Japanese Bank Supports Renewable Energy Projects in Vietnam
The Japan Bank for International Cooperation (JBIC) has signed a loan
agreement with Vietnam’s state-owned commercial bank Vietcombank to
set up a credit line of US$200 million for financing renewable energy
projects in the ASEAN member state.
JBIC has a portion of US$100 million of the credit line and is also
providing a partial guarantee for the co-financed portion. The credit line is
co-financed with MUFG Bank (lead-arranger), Mizuho Bank, The Joyo
Bank, and The Nishi-Nippon City Bank, JBIC said in a statement on 26
The US$200-million credit line is intended to finance via Vietcombank
renewables projects, such as solar power generation, in Vietnam, as part
of JBIC’s Global Facility to Promote Quality Infrastructure Investment for
Environmental Preservation and Sustainable Growth.
This is the first credit line that the Japanese bank has extended to
Vietnam under the Global action for Reconciling Economic growth and
ENvironmental preservation (GREEN) programme .
Vietnam’s power demand has grown rapidly in recent years, with load
rising at an average pace of some 10 percent every year in the past five
years, McKinsey & Company said in an analysis earlier this year, noting
that “renewables have the potential to become the lowest-cost option for
Vietnam to meet its energy needs.”
Vietnam’s rising demand will need additional electricity capacity, which in
turn will need upgrading Vietnam’s power system. According to estimates
from Electricity of Vietnam (EVN), the country will need to attract US$150
billion in new capital investment in order to upgrade the power system.
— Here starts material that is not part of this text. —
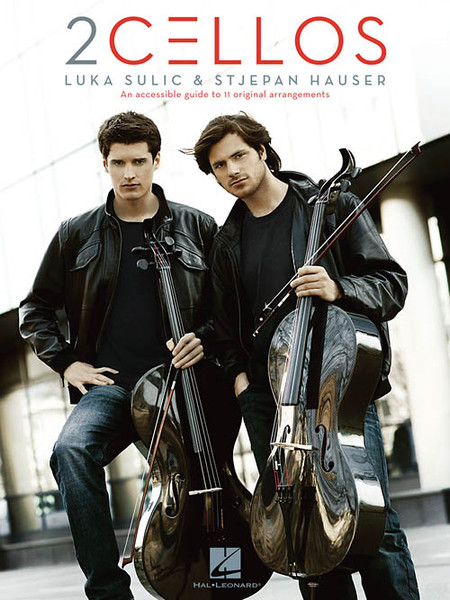 2Cellos: Luka Sulic & Stjepan Hauser - Revised Edition for Cello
The continuously falling costs of solar and wind power, combined with
Vietnam’s natural endowments of solar and wind, have already made
renewables the cheapest form of new power generation on a levelized cost
of electricity (LCOE) basis, according to McKinsey’s review of market data
and interviews with industry experts.
In addition, renewable energy projects can be built more quickly
compared to traditional sources of generation, while Vietnam’s potential to
add flexible natural gas-fuelled power generation due to its domestic gas
reserves allows renewable energy to be integrated into the grid at low
cost, compared with many markets, McKinsey & Company reckons.